The Hanoi Stock Exchange’s (HNX) report on the financial health of many businesses running resorts in Vietnam shows their tragic situation amid low demand and high financial costs.
Paradise Bay Resort Co Ltd (Alma) has reported a loss of VND832 billion for 2022, which was even higher than the VND701 billion in 2021, when tourism was seriously affected by Covid-19.
Alma’s situation is lackluster. By the end of 2022, its stockholder equity had fallen to minus (-) VND1.575 trillion.
Paradise Bay Resort is the developer of Alma Resort in Cam Ranh, Khanh Hoa province. Alma is a brand managed by Serenity Holdings. The US-based Warburg Pincus and VinaCapital (listed in the UK) hold 100 percent of Serenity Holding’s capital.
The owners of domestic resorts have also been in distress in the last few years.
According to HNX, the owner of Flamingo Dai Lai Resort – Flamingo Holding Group, reported a sharp fall of 82 percent in profit to VND25 billion in the first half of 2023, but an increase in accounts payable.
Its ratio of accounts payable to stockholder equity has increased from 1.91 to 1.99 by the end of the second quarter, which meant a liability of VND4.94 trillion.
Ninh Van Bay Travel Real Estate (NVT), the owner of the luxurious Six Senses Ninh Van Bay, has reported a modest profit of VND7 billion in the first half 2023, which was small compared with its huge capital of VND900 billion.
Its undistributed post-tax profit had remained minus (-) VND710 billion by the end of June, and a warning has been given to the company’s shares.
Meanwhile, Crystal Bay continued to report a loss of VND136 billion in the first six months (the figure was VND17 billion the same period last year).

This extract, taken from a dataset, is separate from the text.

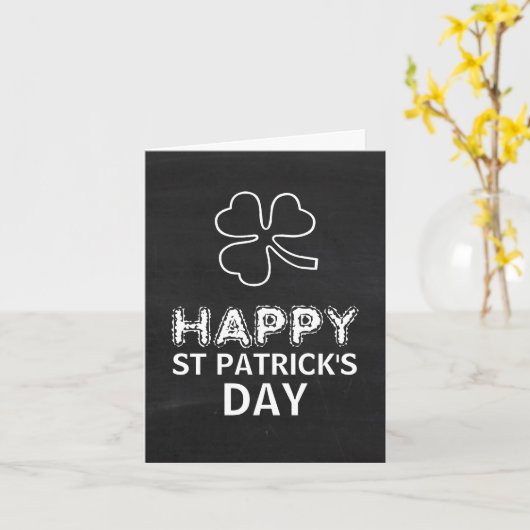Chalkboard Shamrock, St Patrick's Day Kaart (Gele Bloem)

Eurowindow Nha Trang Investment and Tourism JSC took a post-tax loss of VND124 billion, which was a slight decrease compared with the loss of VND290 billion in the first half 2022.
The list of unprofitable resort real estate developers includes Van Huong Investment and Tourism JSC and Sunbay Ninh Thuan. The former is the developer of Dragon Ocean Do Son in Hai Phong City, while the latter is the owner of Sunbay Park Hotel & Resort.
Tough times
Analysts say the resort tourism and resort real estate segments have become lackluster because of the heavy impact of the pandemic.
Other Southeast Asian countries, including Singapore and Thailand, have seen a strong recovery of the hotel sector. Meanwhile, it is still gloomy in Vietnam with reports about poor patronage, low hotel room occupancy rates, and room rate decreases.
The absence of guests is seen in most resorts throughout the country, and the situation is very serious in Phu Quoc. On the internet, people find ads about tourism packages to Phu Quoc at surprisingly low fees. Travelers pay less than VND3 million for a tour lasting four days and three nights, return ticket, and 3-star hotel.
In Sapa, hotels have reported many unoccupied rooms, including on the weekend and the 120th anniversary of Sa Pa tourism development with attractive activities.
Many resort real estate projects have been left idle for many years because of the lack of customers. Villas and shophouses within resort super-projects are deserted, which is attributed to low demand, people’s income decreases, and the reduced confidence in the resort real estate market and legal problems of many projects.
Mauro Gasparotti, CEO of Savills Hotels, commented that in short term, the absence of Chinese travelers, which made up 32 percent of total foreign travelers to Vietnam in 2019, has posed challenges to the resorts.
Also, the increased costs of long-distance flights have hindered the recovery of some markets, including Europe. The total number of travelers from the continent is still 38 percent lower than in the pre-pandemic period.
Analysts believe that in current conditions, domestic customers and travelers remain the major source of income for resort companies. However, the spending level of domestic travelers is low.